Dataset excerpts:
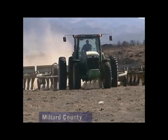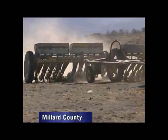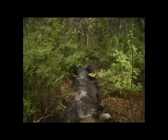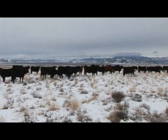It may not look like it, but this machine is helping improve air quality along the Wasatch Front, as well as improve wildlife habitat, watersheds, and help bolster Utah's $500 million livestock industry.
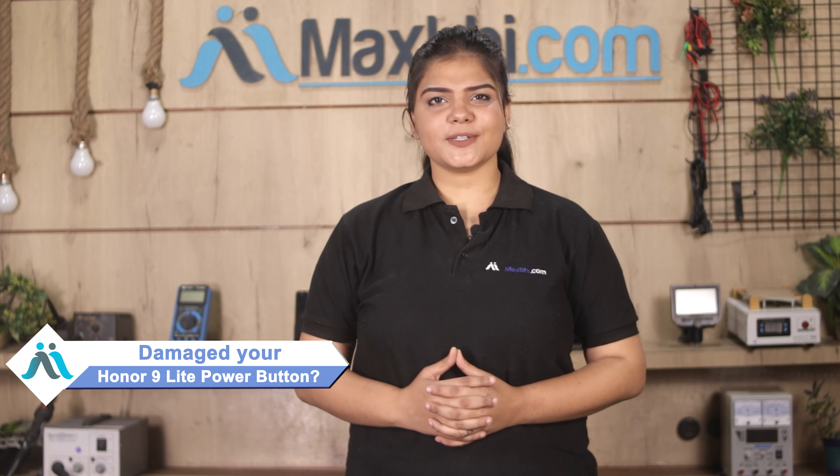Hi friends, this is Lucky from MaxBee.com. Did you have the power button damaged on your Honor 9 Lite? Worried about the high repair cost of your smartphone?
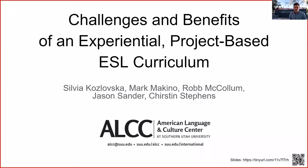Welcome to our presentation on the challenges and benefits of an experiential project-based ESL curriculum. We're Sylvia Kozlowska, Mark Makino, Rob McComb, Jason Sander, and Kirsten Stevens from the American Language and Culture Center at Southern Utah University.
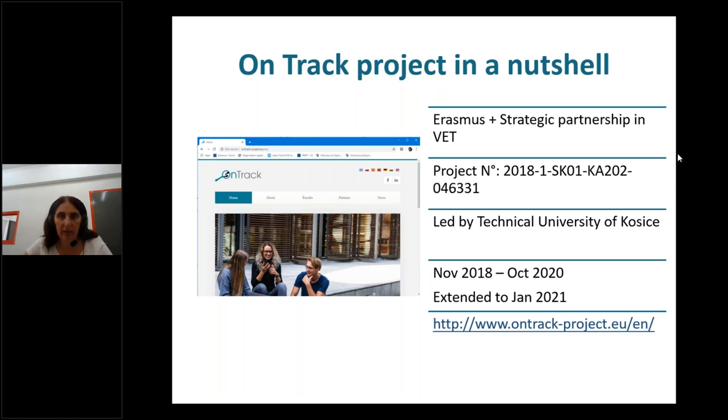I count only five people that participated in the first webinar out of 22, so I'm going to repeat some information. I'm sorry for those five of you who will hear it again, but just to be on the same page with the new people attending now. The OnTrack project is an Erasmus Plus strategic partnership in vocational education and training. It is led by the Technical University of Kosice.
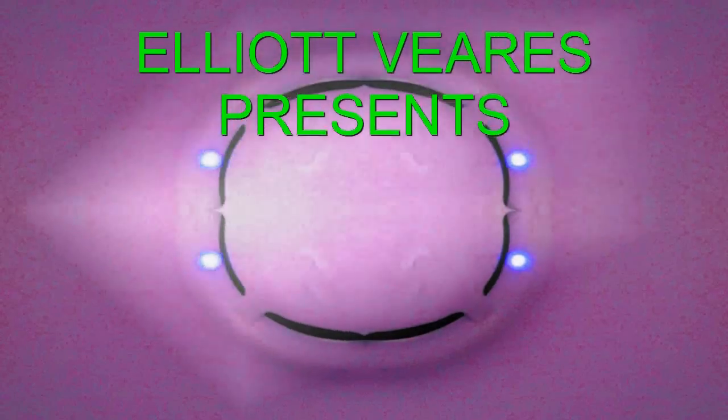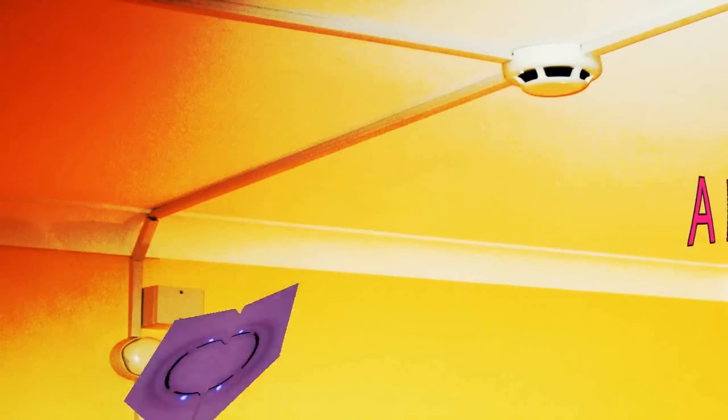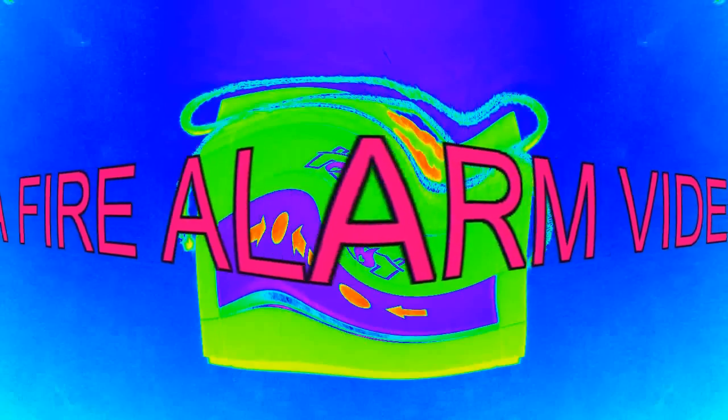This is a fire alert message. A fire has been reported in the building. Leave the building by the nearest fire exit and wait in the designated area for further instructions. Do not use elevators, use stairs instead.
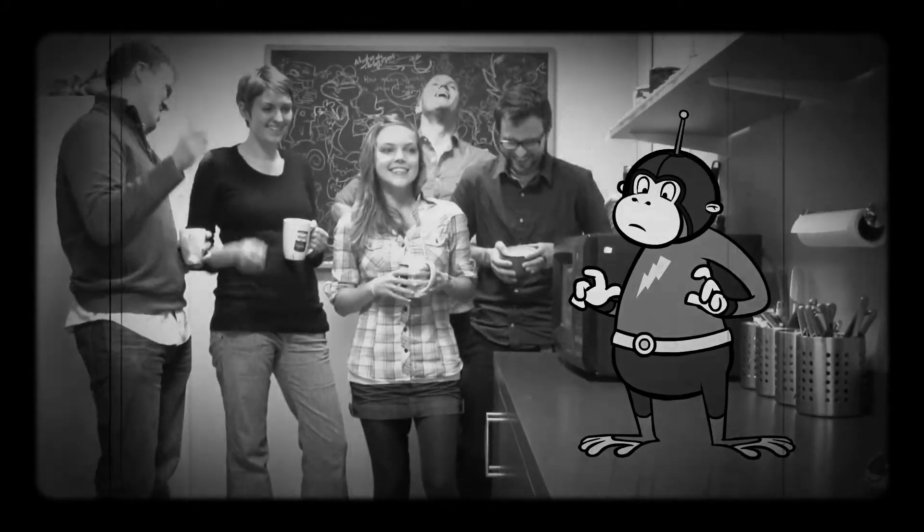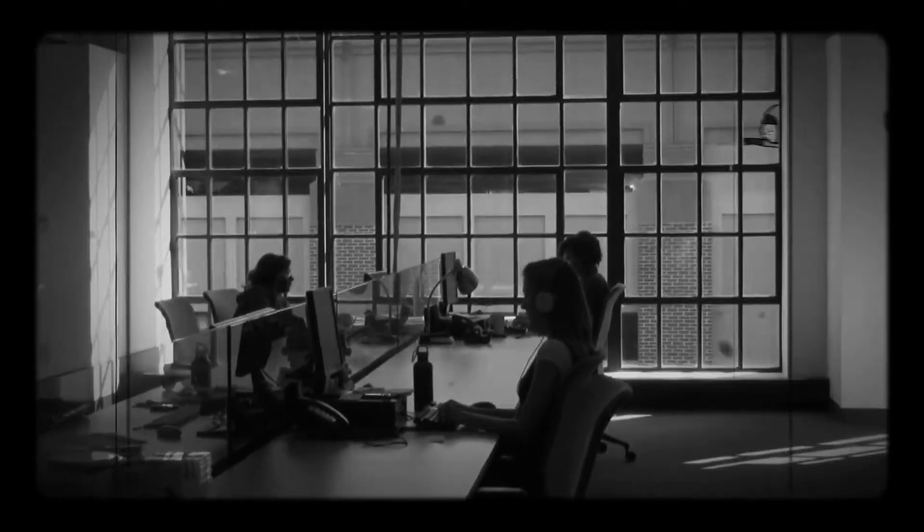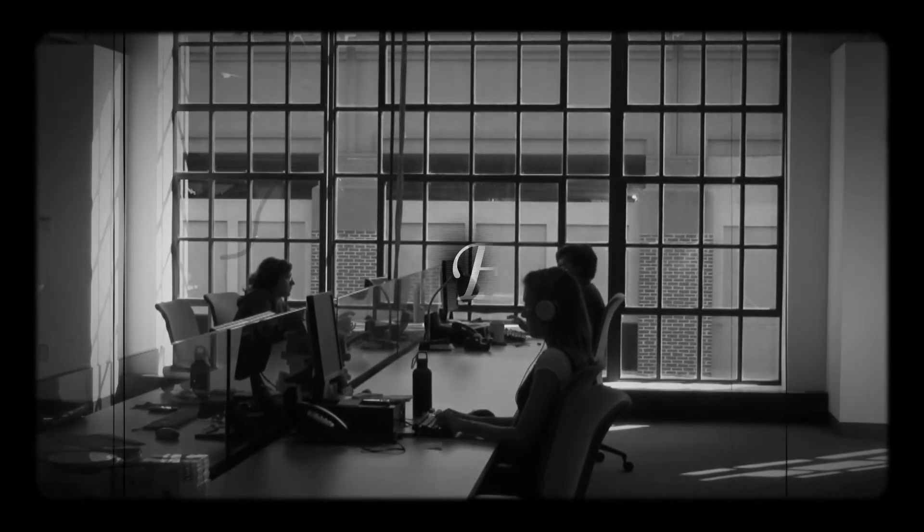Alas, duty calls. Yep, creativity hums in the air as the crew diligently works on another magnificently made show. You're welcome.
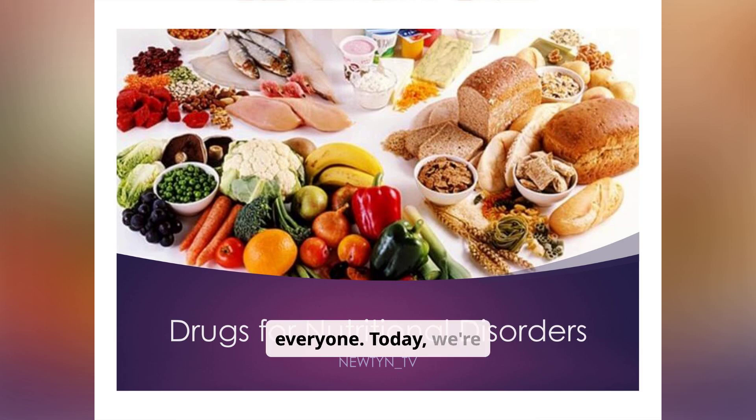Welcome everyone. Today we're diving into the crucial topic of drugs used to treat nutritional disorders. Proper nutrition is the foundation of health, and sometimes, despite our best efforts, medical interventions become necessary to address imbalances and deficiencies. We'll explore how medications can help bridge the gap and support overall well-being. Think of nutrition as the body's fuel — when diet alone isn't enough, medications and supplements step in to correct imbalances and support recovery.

...

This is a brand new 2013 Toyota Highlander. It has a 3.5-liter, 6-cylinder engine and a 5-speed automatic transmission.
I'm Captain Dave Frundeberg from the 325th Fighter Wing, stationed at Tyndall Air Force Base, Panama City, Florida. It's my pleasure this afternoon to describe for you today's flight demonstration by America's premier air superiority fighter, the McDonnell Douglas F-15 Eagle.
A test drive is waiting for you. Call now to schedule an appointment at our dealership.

What you need to do: For this exercise, return exactly the lines above from the line with "It may not look" through the line with "Alas, duty calls.", both included. Do not copy the pictures.

Solution to the exercise:
It may not look like it, but this machine is helping improve air quality along the Wasatch Front, as well as improve wildlife habitat, watersheds, and help bolster Utah's $500 million livestock industry.
Hi friends, this is Lucky from MaxBee.com. Did you have the power button damaged on your Honor 9 Lite? Worried about the high repair cost of your smartphone?
Welcome to our presentation on the challenges and benefits of an experiential project-based ESL curriculum. We're Sylvia Kozlowska, Mark Makino, Rob McComb, Jason Sander, and Kirsten Stevens from the American Language and Culture Center at Southern Utah University.
I count only five people that participated in the first webinar out of 22, so I'm going to repeat some information. I'm sorry for those five of you who will hear it again, but just to be on the same page with the new people attending now. The OnTrack project is an Erasmus Plus strategic partnership in vocational education and training. It is led by the Technical University of Kosice.
This is a fire alert message. A fire has been reported in the building. Leave the building by the nearest fire exit and wait in the designated area for further instructions. Do not use elevators, use stairs instead.
Alas, duty calls. Yep, creativity hums in the air as the crew diligently works on another magnificently made show. You're welcome.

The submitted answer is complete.